Il faut arrêter d’utiliser les systèmes d’automatisation des recommandations proposés par certains logiciels. Les recommandations doivent se faire au cas par cas. Il est important de bien comprendre comment s’articule le dispositif de rénovation énergétique. Si l’objectif est bien que tous les logements tendent vers la classe B, des exceptions aux critères de la rénovation énergétique performante précisées au décret du 8 avril 2022 doivent être prises en compte pour l’établissement du DPE comme pour l’audit énergétique. La rénovation énergique performante, définie à l’article L-111-1 du CCH, est qualifiée si les six postes de travaux de rénovation énergétique suivants ont été étudiés et analysés : l’isolation des murs, l’isolation des planchers bas, l’isolation de la toiture, le remplacement des menuiseries extérieures, la ventilation, la production de chauffage et d’eau chaude sanitaire ainsi que les interfaces associées. Selon le contexte, cette rénovation énergétique performante peut très bien être atteinte avec une classe C, voire une classe D.

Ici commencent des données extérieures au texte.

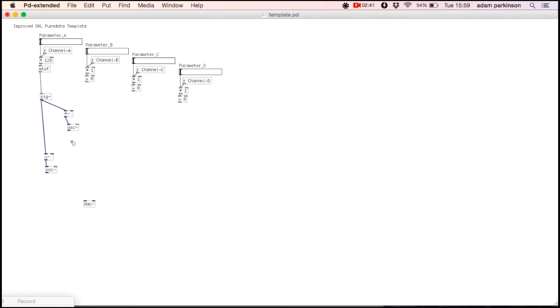We also want to control the amplitude or depth of the modulating frequency, so we'll connect it to a multiply tilde object. Finally, we add this back to the carrier.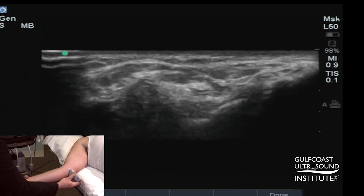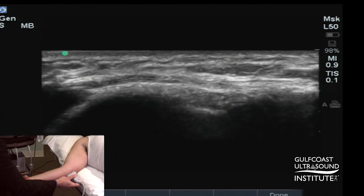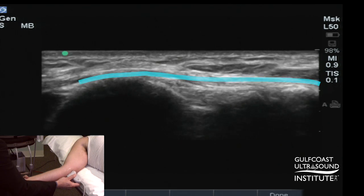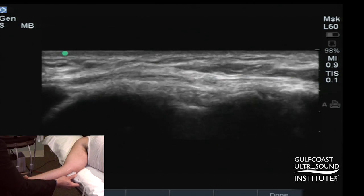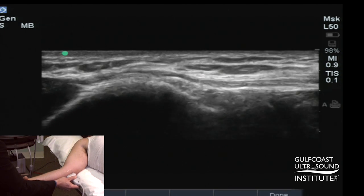We can also look at the ulnar nerve in long axis, as shown here. Often this is difficult, as the nerve is not always in one single imaging plane.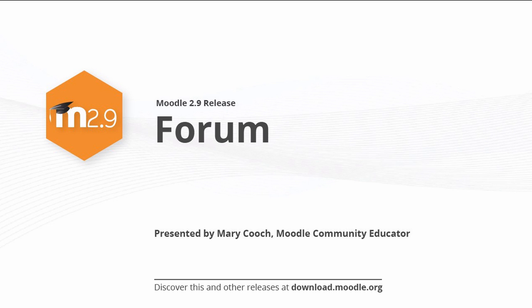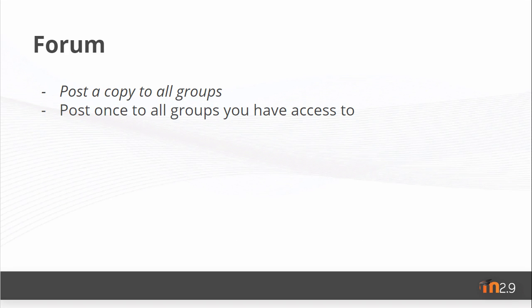Forum in Moodle 2.9. A new setting, Post a copy to all groups, means that a teacher who's working with several groups in a forum needs only post once to all the groups.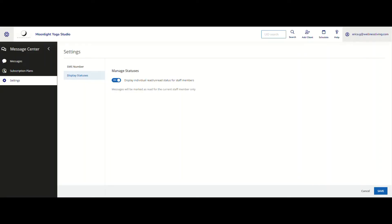In this video, we will be demonstrating within Message Center the improvement of how businesses now can display individual read and unread messages of their staff members.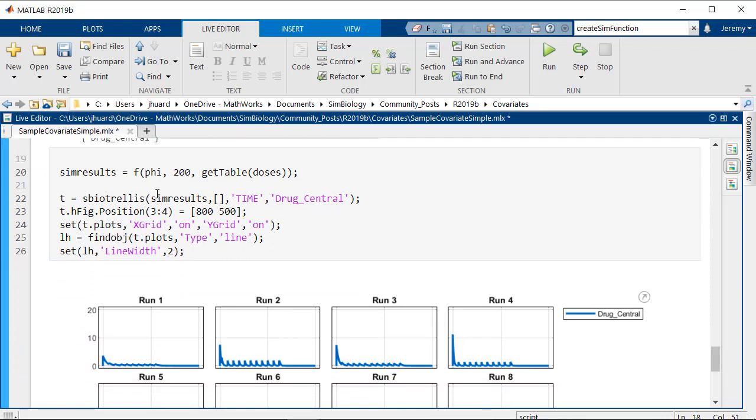So here with one line of code, I'm able to simulate the 16 groups with the dosing information we extracted from the dataset and using the values we've just sampled.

Pour revenir au cas des pompes à chaleur, leur installation est impossible dans l’immense majorité des immeubles collectifs et notamment en copropriété. Il ne faut pas oublier que si le diagnostiqueur recommande une pompe à chaleur, son installation doit être possible. Même si les recommandations de travaux ne sont pas opposables dans le DPE, sa responsabilité pourrait être recherchée par l’acquéreur. Celui-ci pensait acheter un logement pouvant atteindre la classe B en suivant les préconisations du DPE, il s’aperçoit qu’il ne pourra pas les mettre en œuvre, et c’est souvent le cas avec les PAC dans un immeuble en copropriété. Le diagnostiqueur, en tant que sachant, doit remplir son rôle et respecter son devoir de conseil et, dans ce cas, l’information rendue n’a pas été délivrée de manière loyale.

Le DPE n’est pas qu’un simple diagnostic immobilier de plus, la classe de performance du logement soumet son propriétaire à de nombreuses contraintes et influe fortement sur sa valeur vénale. Dans notre société, le rôle du diagnostiqueur s’est considérablement accru avec le nouveau DPE. Cette étude de l’ONRE met en lumière cette évidence.